Reducing CPU and GPU noise and improving reproducibility

Once the profiling utilities are set up, we have to take some care to make sure that, when we compart two runs, we do so on equal footing. There is plenty of stochasticity in how the model executes, and if we don’t take steps to suppress it, it will introduce a significant amount of noise into our measurements. This is particularly true at the sharp end of optimisation, where any improvements may be of similar order as those random variations.

Firstly, let us set the torch.manual_seed(42). This doesn’t have much effect on latency, but if we start from a different initialisation each time, it may be hard to spot if some of our interventions aiming at improving training speed have an adverse effect on model performance.

Secondly, let’s minimise the latency associated with CPU ops. Since our model is small (circa 120M params), and modern accelerators are extremely fast, it is not unlikely that we will see the speed of CPU ops bottlenecking the training speed.

The GPU setup I’m using for training has more than one CPU core per GPU. Since my training loop is single-threaded, I have found that being bounced between different CPU cores was actually harmful - it was both slower, and more noisy - than allocating a single, dedicated core to execute the training loop from start to finish. If your setup is similar, I recommend doing the same.

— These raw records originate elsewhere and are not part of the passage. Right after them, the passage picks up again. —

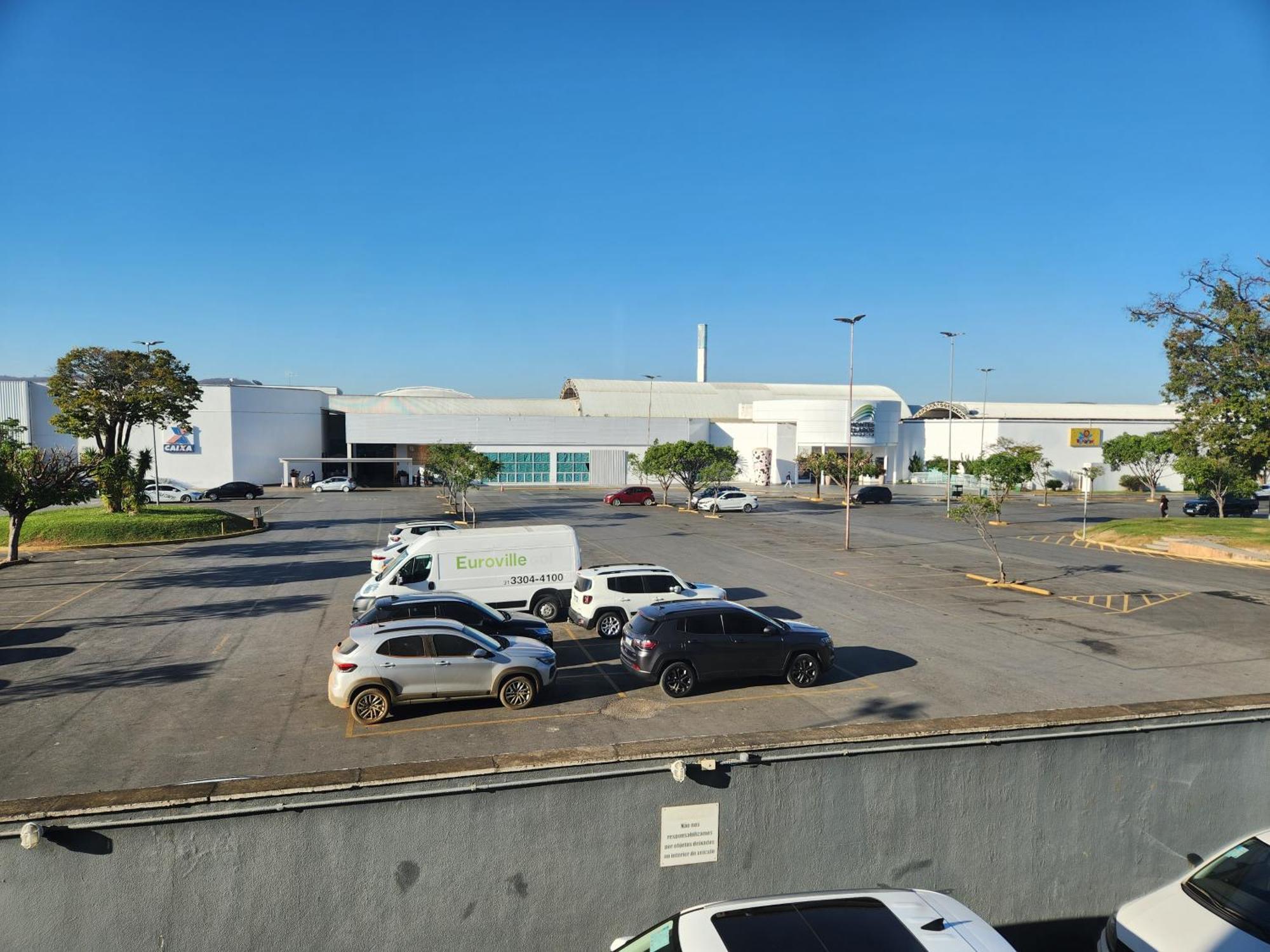 Отель Ibis Montes Claros Shopping Экстерьер фото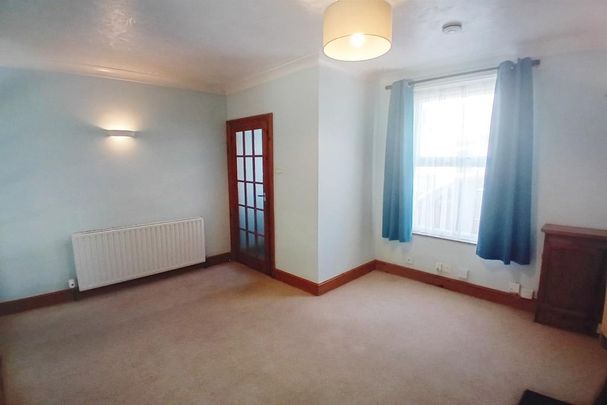 3 bedroom end of terrace house to rent - Photo 1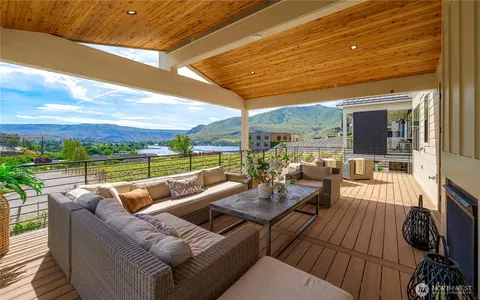 203 Bluebell Ct, Chelan, WA 98816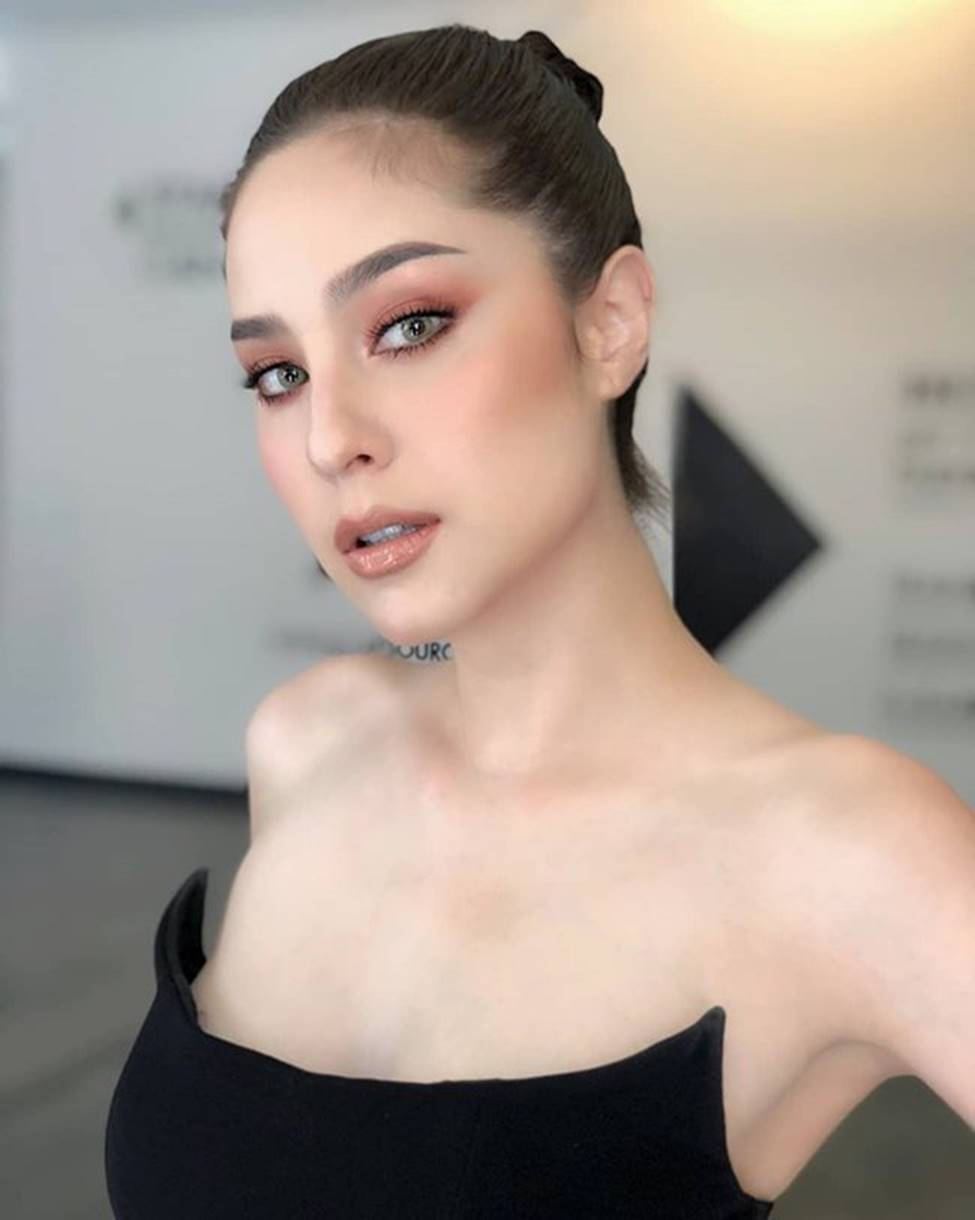 Vẻ đẹp gợi cảm quyến rũ của mỹ nhân gây bão trên truyền hình Thái-9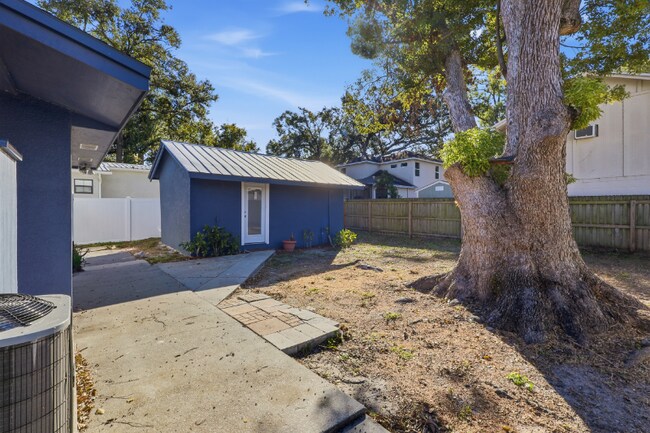 Building Photo - 118 W Sligh Ave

To find the CPU cores associated with the particular accelerator (there may be many accelerators in the GPU slice, each served by multiple CPUs), executing nvidia-smi topo -m should print out a table which includes a column header ‘CPU Affinity’. Entries under this heading are two, comma-separated ranges indicating the physical and hyperthreaded cores, e.g. 0-31,64-95. To select a particular core to run the process, run the usual command prefixed with taskset and the selected physical and hyperthread cores, e.g.:

taskset -c 0,64 python3 train.py

One reason why this works could be that, when the process is pciked up by a different core, that core may not be at its maximum clock speed. If the process is handed over frequenlty, it spends a lot of the time being handled at sub-maximal frequency. CPU clock speed can be set manualy, by changing the clock speed policy in /sys/devices/system/cpu/cpu*/cpufreq/scaling_governor (which will typically be set to something like ondemand, powersave or schedutil - the nature of these policies is self evident from their names) to performance, which sets the clock speed for the given core to maximum at all times. This consumes more power, and as such is not the default option. You will also need sudo rights to modify the policy files. This is not something I could change on the machine I’m working with, but explicitly assinging the core using taskset ensured that the schedutil default consistently maxed out the clock speed as long as the schedule was consistently busy - which it is whenever training is CPU-limited, so no problem there.

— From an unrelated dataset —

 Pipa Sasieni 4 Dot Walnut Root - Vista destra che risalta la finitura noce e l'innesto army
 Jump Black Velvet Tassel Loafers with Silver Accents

If your logging setup requires periodically syncing the GPU computation (e.g. to perform and log gradient anlytics) make sure that your profiling range does not include that step, or at least includes it consistently across the runs being compared.

It is also worth mentioning that Python garbage collection can also inject unpredicatble latency into the system, so it may be worth disabling it for the duration of the profiled section. This can be done by importing and disabling garbage collection:

import gc
gc.disable()

Finally, not all noise can be removed, so just make sure that you profile over a sensible number of training steps to get a well-averaged view. Do mind, however, that this may result in very large trace files being generated - possibly large enough as to exceed the available RAM, and thus be impossible to load into trace a viewer in their entirety.